A proposito dei femminicidi

Di seguito la lettera del nostro coordinatore, pubblicata oggi dal quotidiano L’Adige

Caro Direttore,

il suo editoriale su l’Adige di fine febbraio pone un problema di rilievo in merito al futuro della società trentina (ma non solo, per la verità): l’aumento di femminicidi sui quali i giornali parlano dopo che sono avvenuti e le espressioni di socialità incapaci di prevenirli. E parla di “rete sfilacciata di una società smarrita”. Diagnosi condivisibile, ma a mio avviso potrebbe essere utile fare un passo i più per capire le cause dello “smarrimento” e della “sfilacciatura”.

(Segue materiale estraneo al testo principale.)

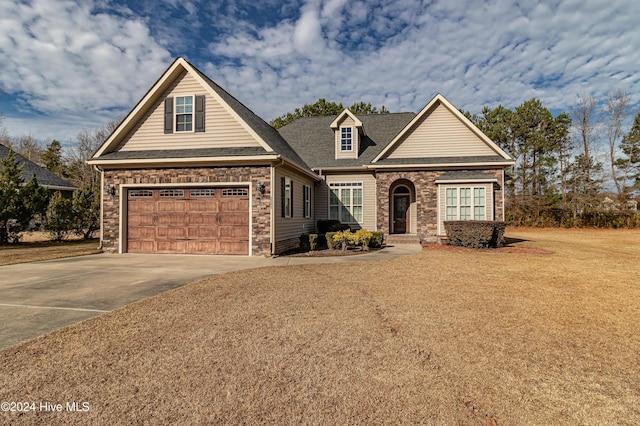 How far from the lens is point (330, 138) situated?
2061 cm

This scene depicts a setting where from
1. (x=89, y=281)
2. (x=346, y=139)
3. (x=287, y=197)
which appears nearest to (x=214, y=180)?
(x=287, y=197)

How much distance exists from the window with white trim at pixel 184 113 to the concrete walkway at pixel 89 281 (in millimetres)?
5099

Le posizioni culturali ripetute di continuo da stampa, politici, intellettuali richiamano elementi del femminismo: per la prof. Poggio la violenza sulle donne è una malattia sociale che deriva da un mancato superamento dell’idea di un forte asimmetria fra i sessi. Per la psicologa Roberta Bommassar è la reazione al tentativo delle donne di liberarsi dalle loro catene. Per Fitz bisogna che le donne capiscano “che non va accettato niente”.  Sarebbe interessante fare una verifica empirica se i dati confermano queste affermazioni. Pensando all’educazione avuta da giovane nelle ore di catechismo, nelle ore di religione, negli incontri dei giovani di azione cattolica, di GS e della FUCI-Auct ricordo tutt’altre sottolineature. Il matrimonio è una vocazione a costruire una comunità di vita improntata all’amore reciproco. Questo amore è un impegno per la “buona e cattiva sorte” e proprio perché non è facile mantenere a vita un simile impegno ci veniva insegnato, sulle orme di Fulton Sheen, vescovo di New York, che bisogna essere in tre per sposarsi e il terzo è Dio. Se poi ricordo quanto veniva detto ai nostri genitori prima di sposarsi e nella pastorale agli sposi, si insisteva per marito e moglie ad “adempiere ai doveri del proprio stato”, accettando anche dei sacrifici.

C’erano più “omicidi” di donne (ora chiamati femminicidi) allora o ce ne sono di più oggi? Non ricordo un numero così continuo di casi, eppure si è camminati in cinquant’anni nelle ricette richiamate da persone da lei citate. Non è che per caso si debba aver più coraggio nell’identificare nello smarrimento nella nostra società della visione cristiana della vita la causa più rilevante dei fallimenti dei rapporti di coppia e il più facile ricorso all’aggressione del partner?  Non sta forse in ciò smarrimento e sfilacciatura anche della società trentina? Senza nulla togliere ai processi di crescita del ruolo della donna, ma senza scambiare lucciole per lanterne.